Task to carry out:
Go through the listing that follows and write it out exactly. Drop the pictures.

Input data:
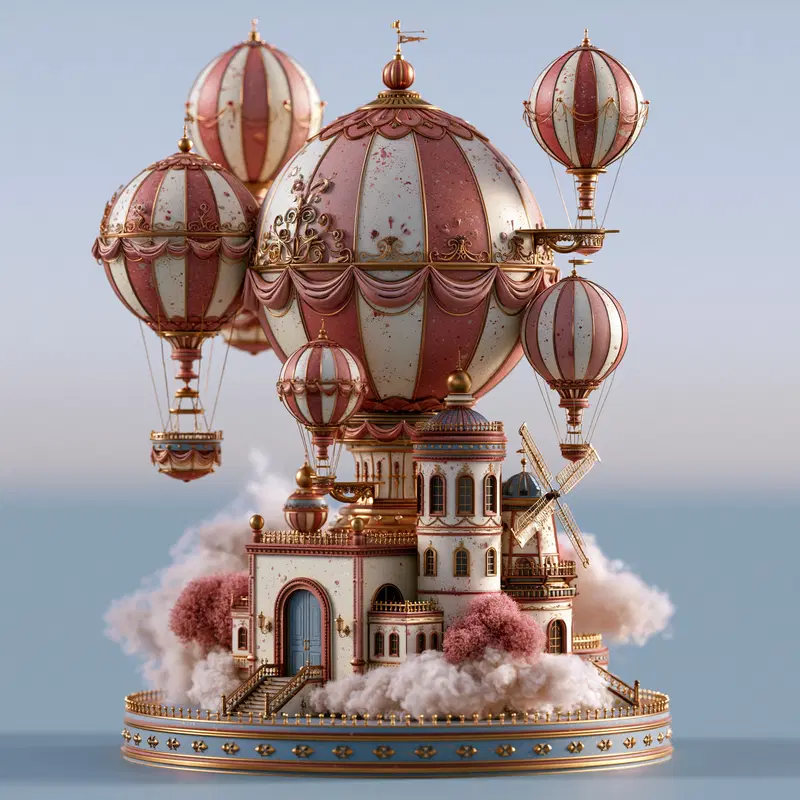 Whimsical 3D Hot Air Balloon Fantasy with Colorful Details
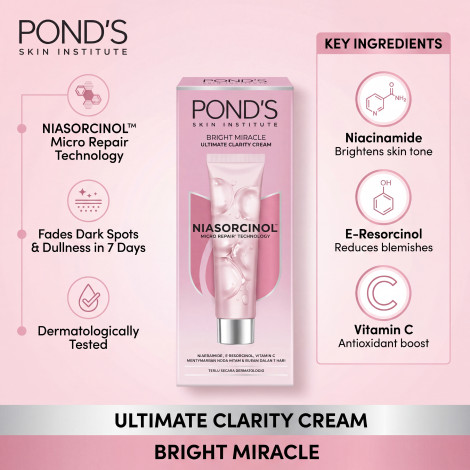Ponds Bright Miracle Niasorcinol Ultimate Clarity Cream 40g (Indonesia)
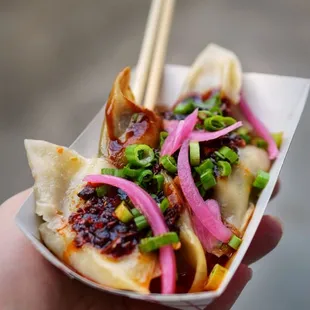 Veg Dumplings with Chili Crunch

Output for this exercise:
 Whimsical 3D Hot Air Balloon Fantasy with Colorful Details
Ponds Bright Miracle Niasorcinol Ultimate Clarity Cream 40g (Indonesia)
 Veg Dumplings with Chili Crunch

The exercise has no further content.